* About this task:
If a record below holds a picture, leave the picture out and copy the rest exactly.

* Recorded information:
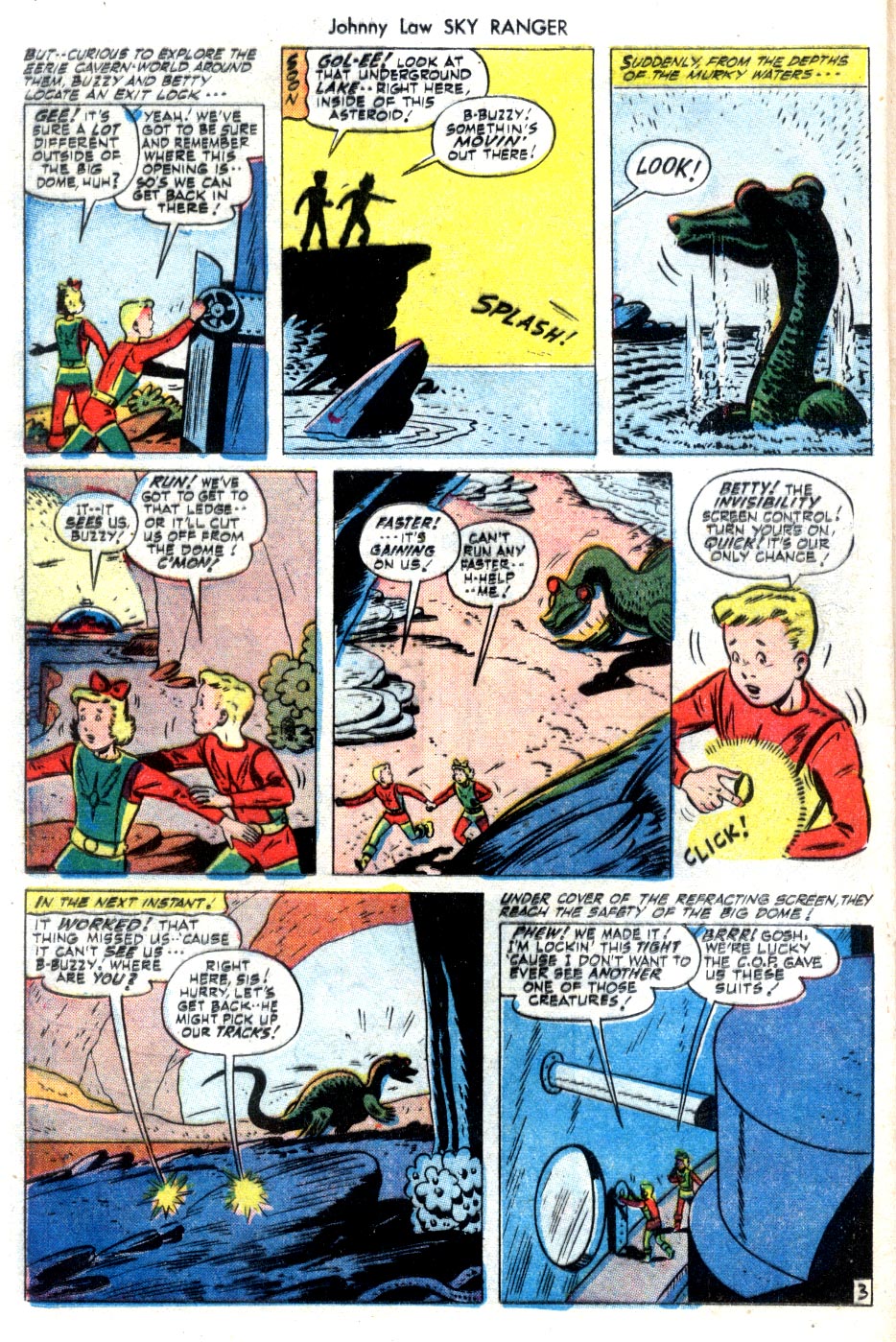 Read online Johnny Law Sky Ranger Adventures comic -  Issue #4 - 22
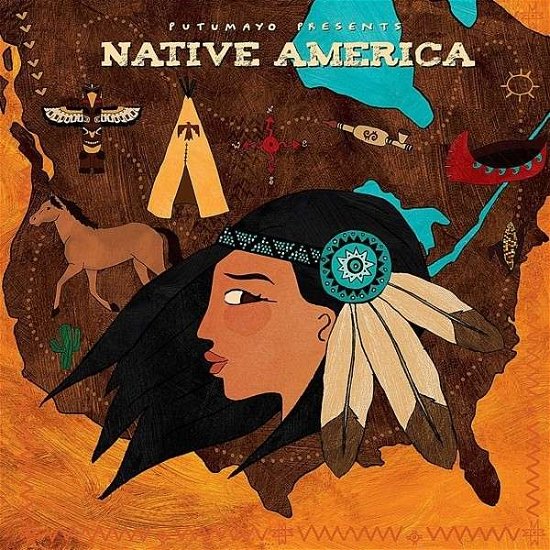 Cover for Putumayo Presents · Native America (CD) (2015)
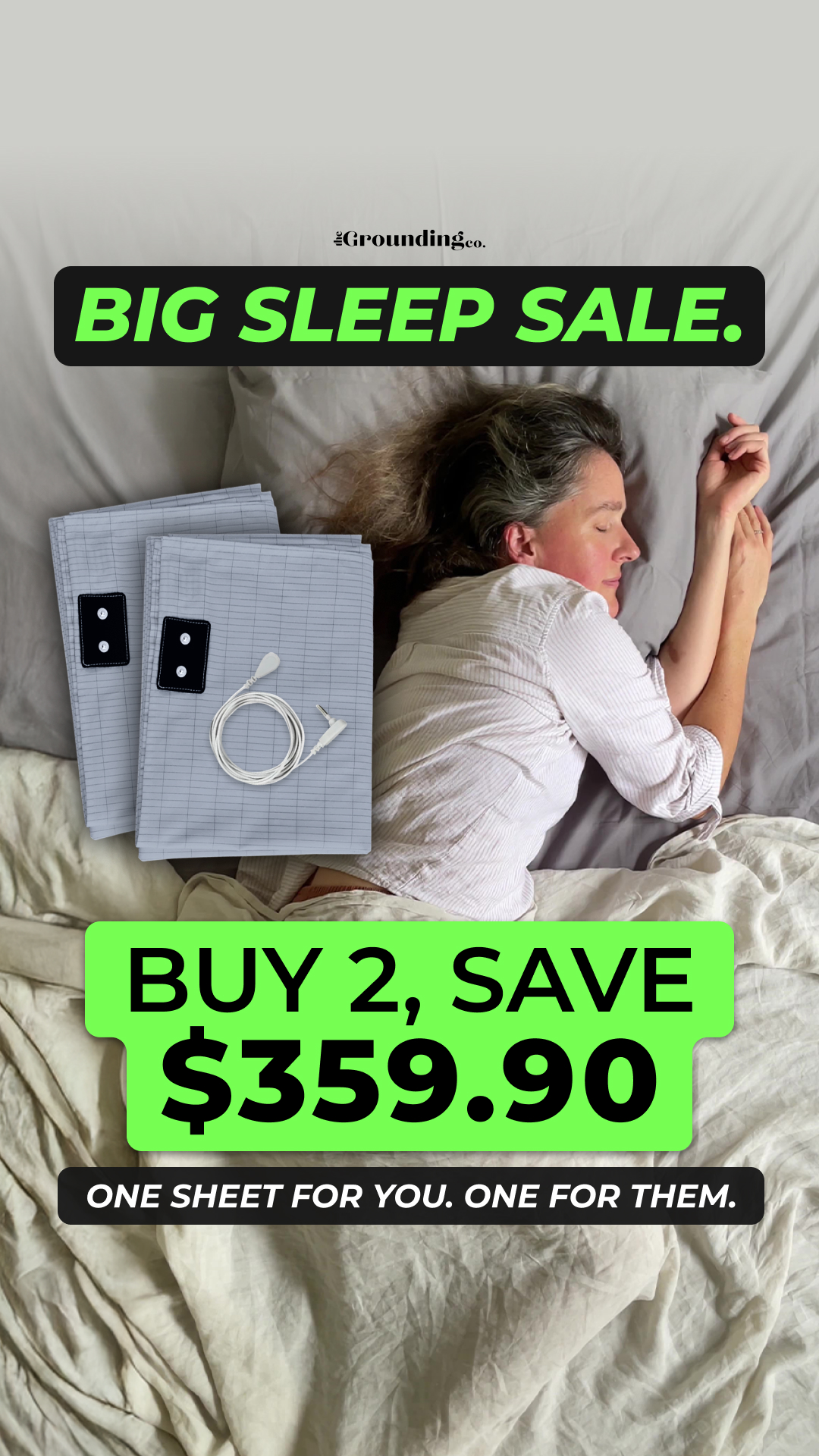 The Grounding Co Facebook ad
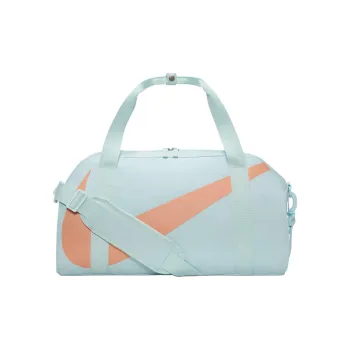 Nike Polyester Gym Bag Unisex Light Blue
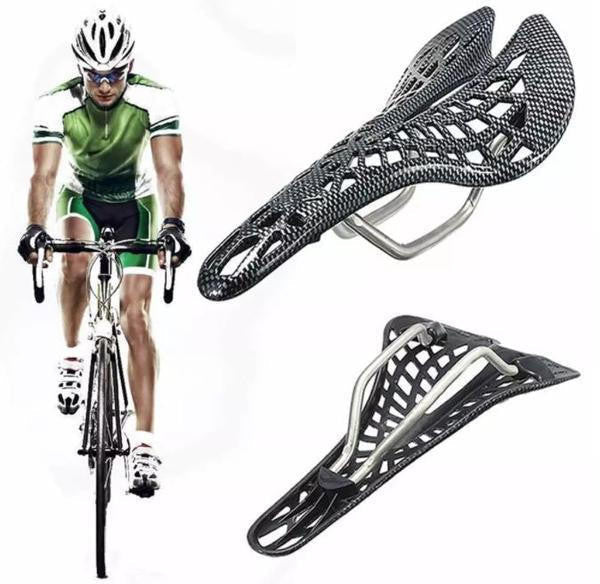 Comfortable Padded Bike Seat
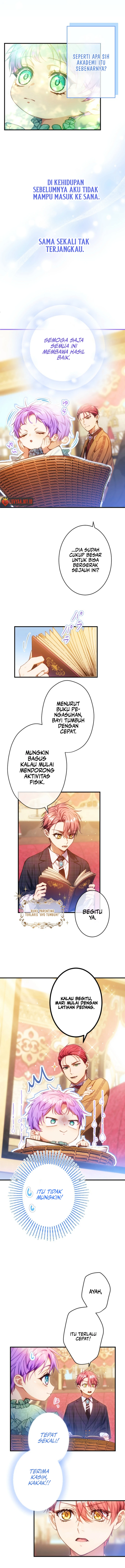 I'm the Tyrant's Baby, But My Family Adores Me chapter 15 halaman 4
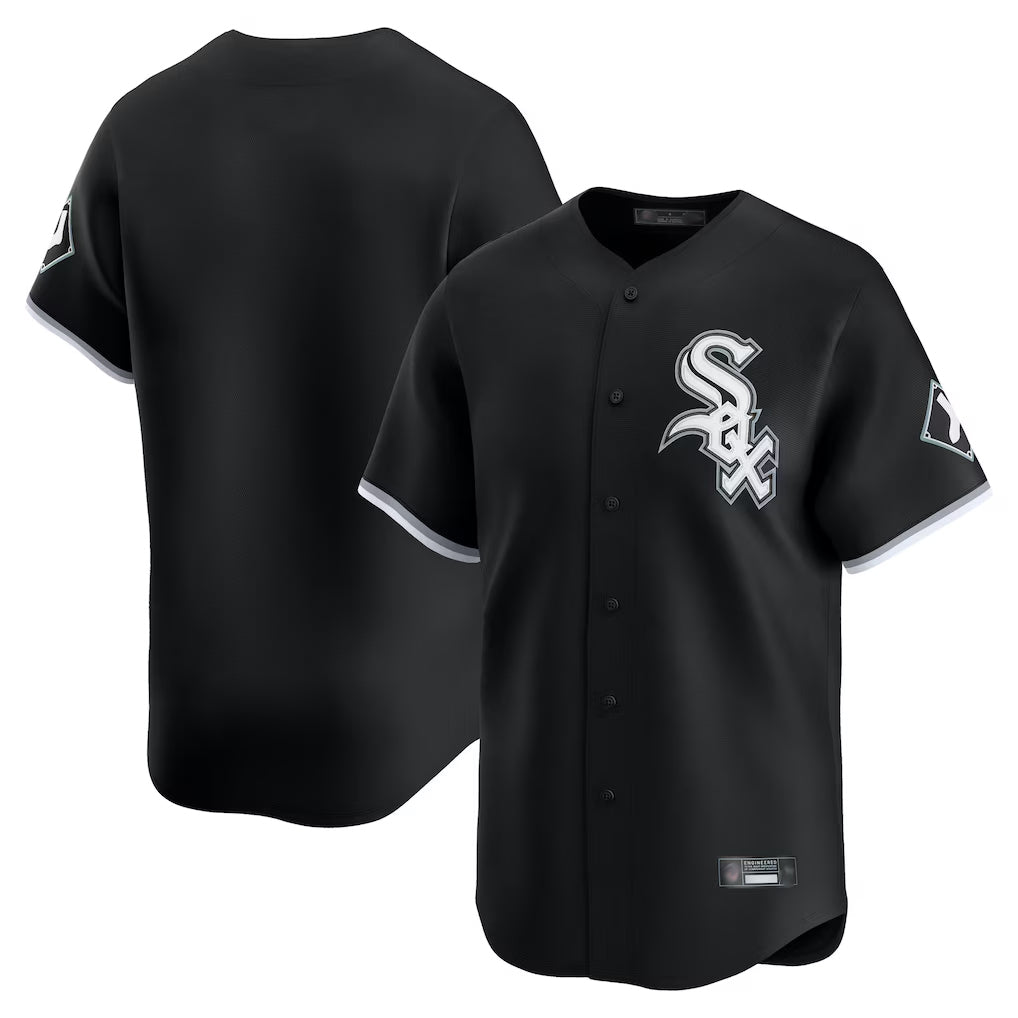 C.White Sox ## White Sox Blank Player Black Limited Home Jdoa Stitched Jerseys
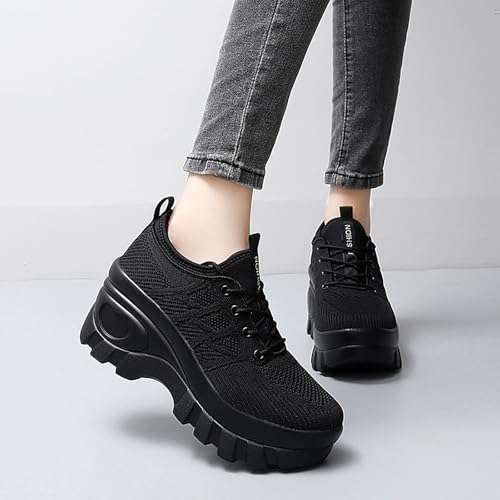 Zapatos de mujer de verano con tejido calado y horma ergonómica 4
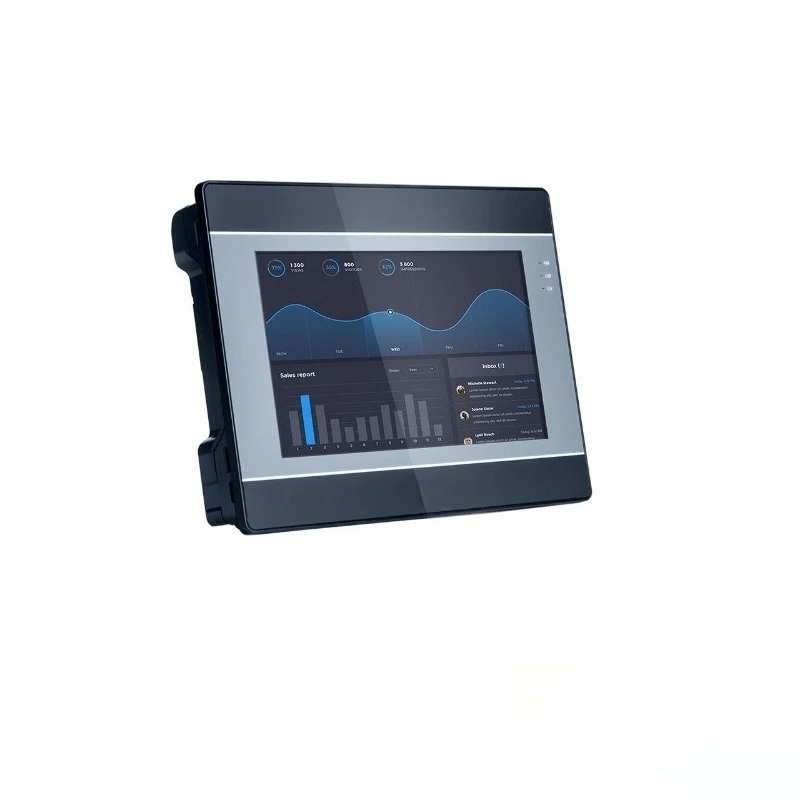 7 Inch Touch Screen HMI, Serial Port Human Machine Interface Panel for Industrial Automation
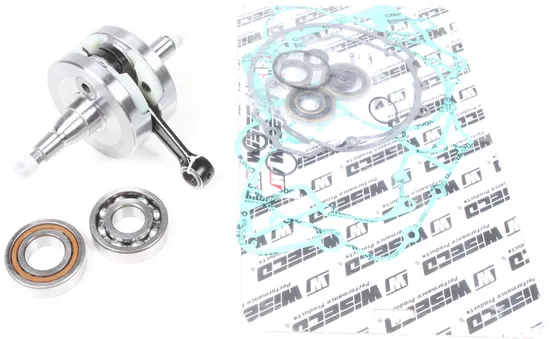 Wiseco Complete Bottom End Crankshaft Rebuild Gasket Kit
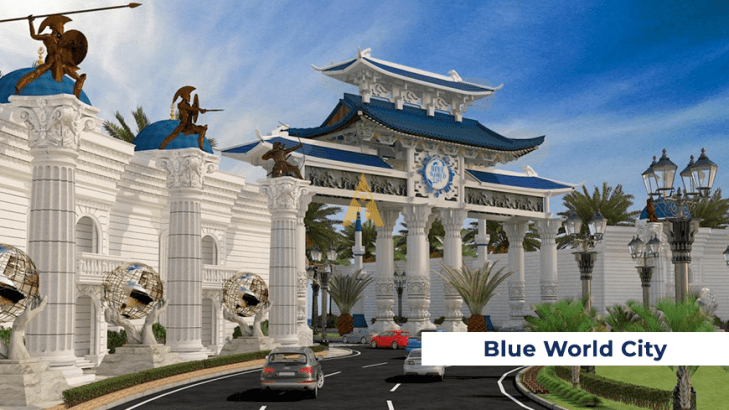 Blue World City Islamabad housing society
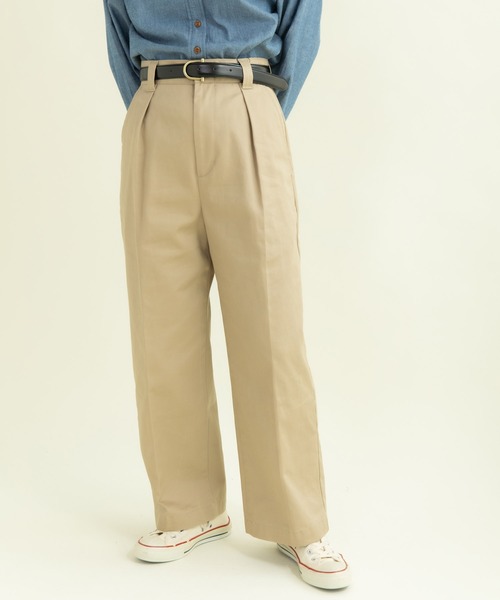 CHILD WOMAN（チャイルドウーマン）の「真鍮ひっかけバックル 牛革ベルト（ベルト・レディース・ブラック/ダークブラウン・FREE）」の6枚目の写真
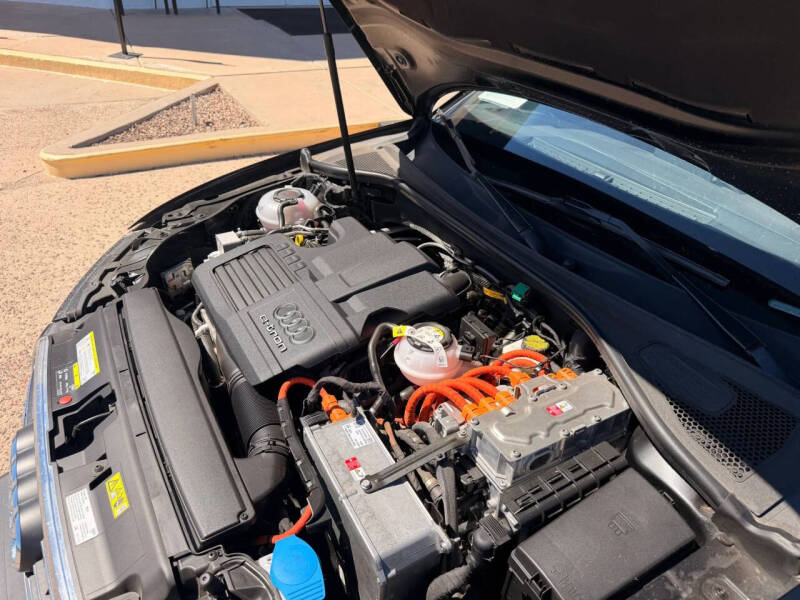 2018 Audi A3 Sportback e-tron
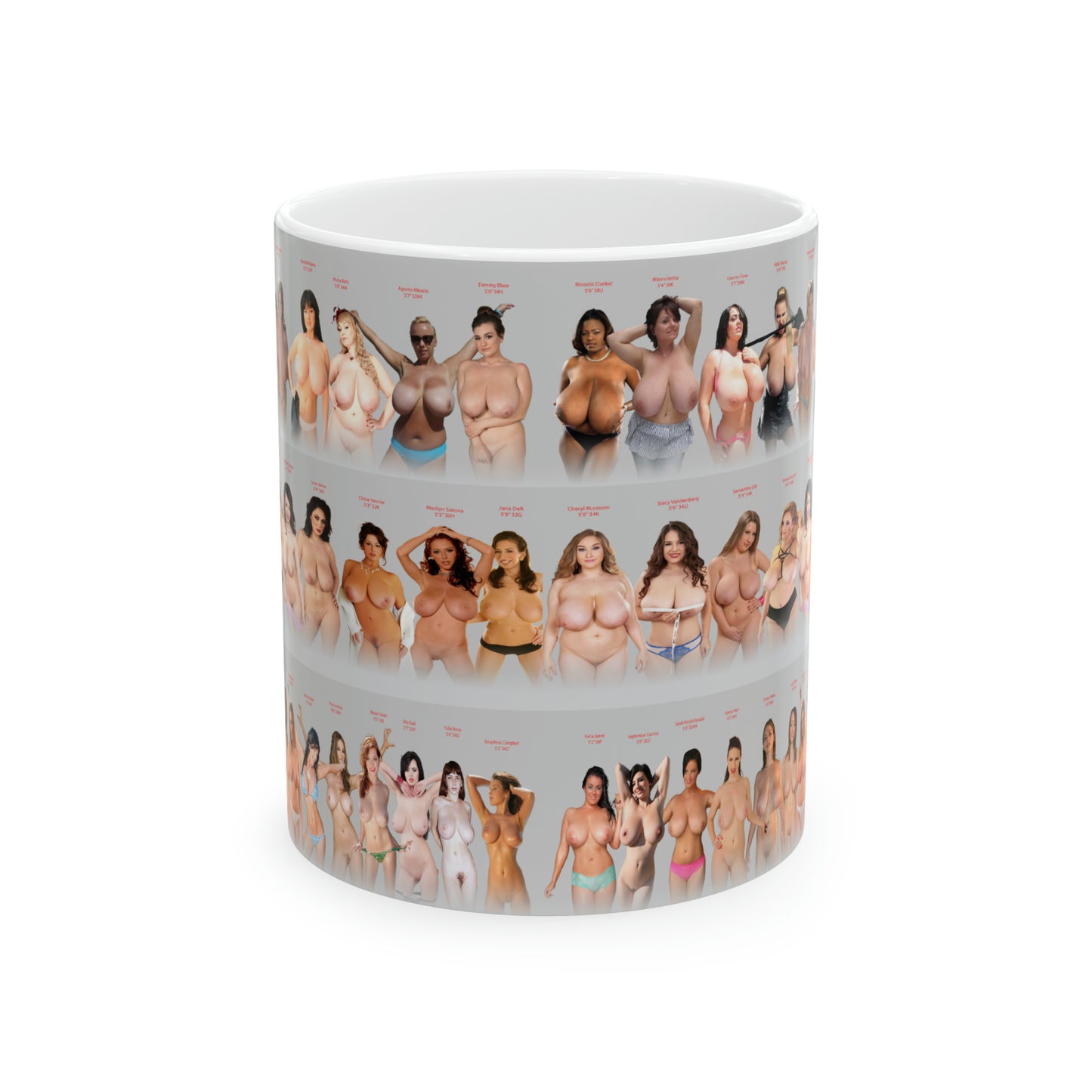 AAMug Big Breast Models Mug Sexy Hot Girls Funny Mugs For Men Coffee Cup For Him Naked Boobs Women M27A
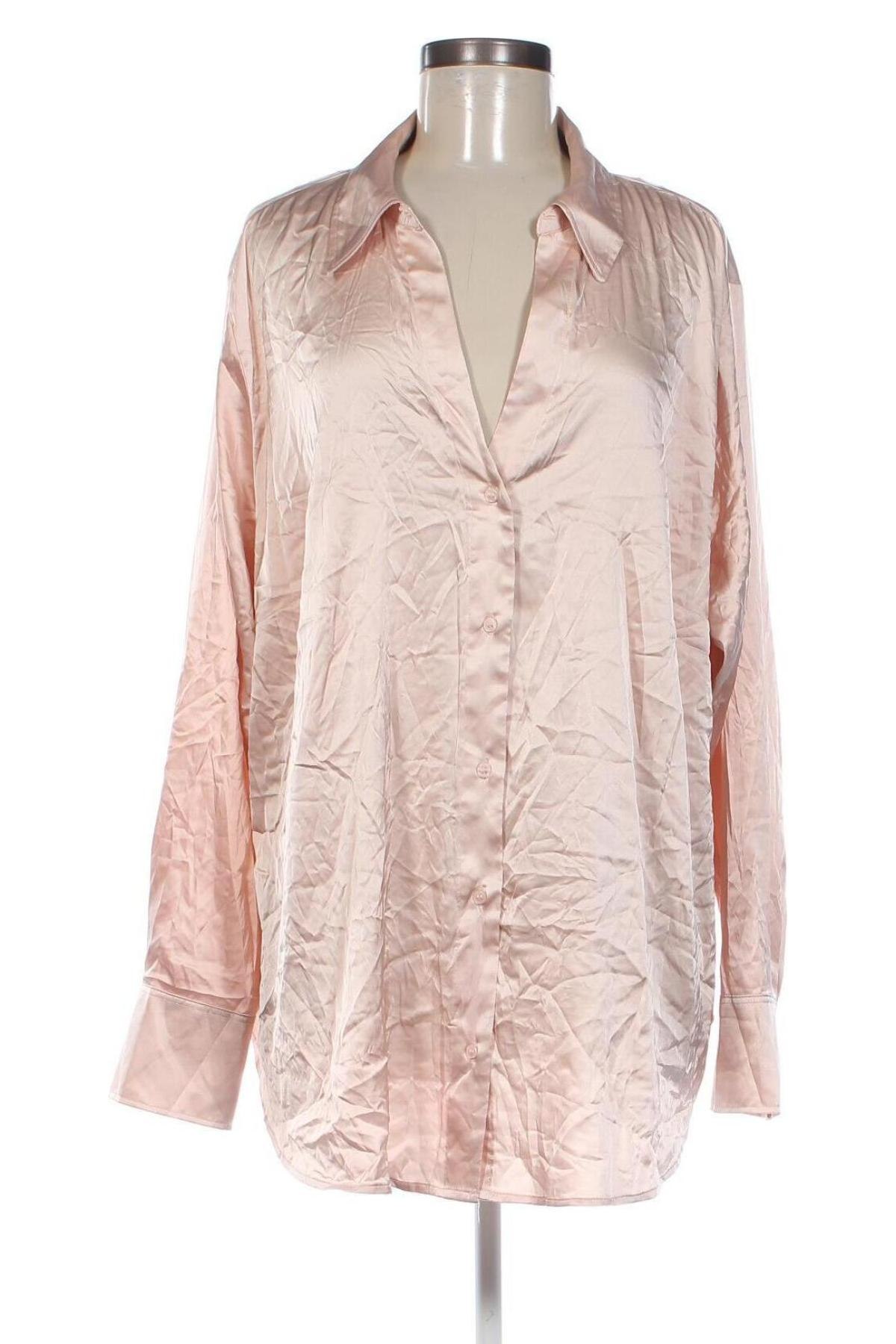 Damenbluse H&M, Größe XXL, Farbe Rosa, Preis 13,99 €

* Exercise response:
 Read online Johnny Law Sky Ranger Adventures comic -  Issue #4 - 22
 Cover for Putumayo Presents · Native America (CD) (2015)
 The Grounding Co Facebook ad
 Nike Polyester Gym Bag Unisex Light Blue
 Comfortable Padded Bike Seat
 I'm the Tyrant's Baby, But My Family Adores Me chapter 15 halaman 4
 C.White Sox ## White Sox Blank Player Black Limited Home Jdoa Stitched Jerseys
 Zapatos de mujer de verano con tejido calado y horma ergonómica 4
 7 Inch Touch Screen HMI, Serial Port Human Machine Interface Panel for Industrial Automation
 Wiseco Complete Bottom End Crankshaft Rebuild Gasket Kit
 Blue World City Islamabad housing society
 CHILD WOMAN（チャイルドウーマン）の「真鍮ひっかけバックル 牛革ベルト（ベルト・レディース・ブラック/ダークブラウン・FREE）」の6枚目の写真
 2018 Audi A3 Sportback e-tron
 AAMug Big Breast Models Mug Sexy Hot Girls Funny Mugs For Men Coffee Cup For Him Naked Boobs Women M27A
 Damenbluse H&M, Größe XXL, Farbe Rosa, Preis 13,99 €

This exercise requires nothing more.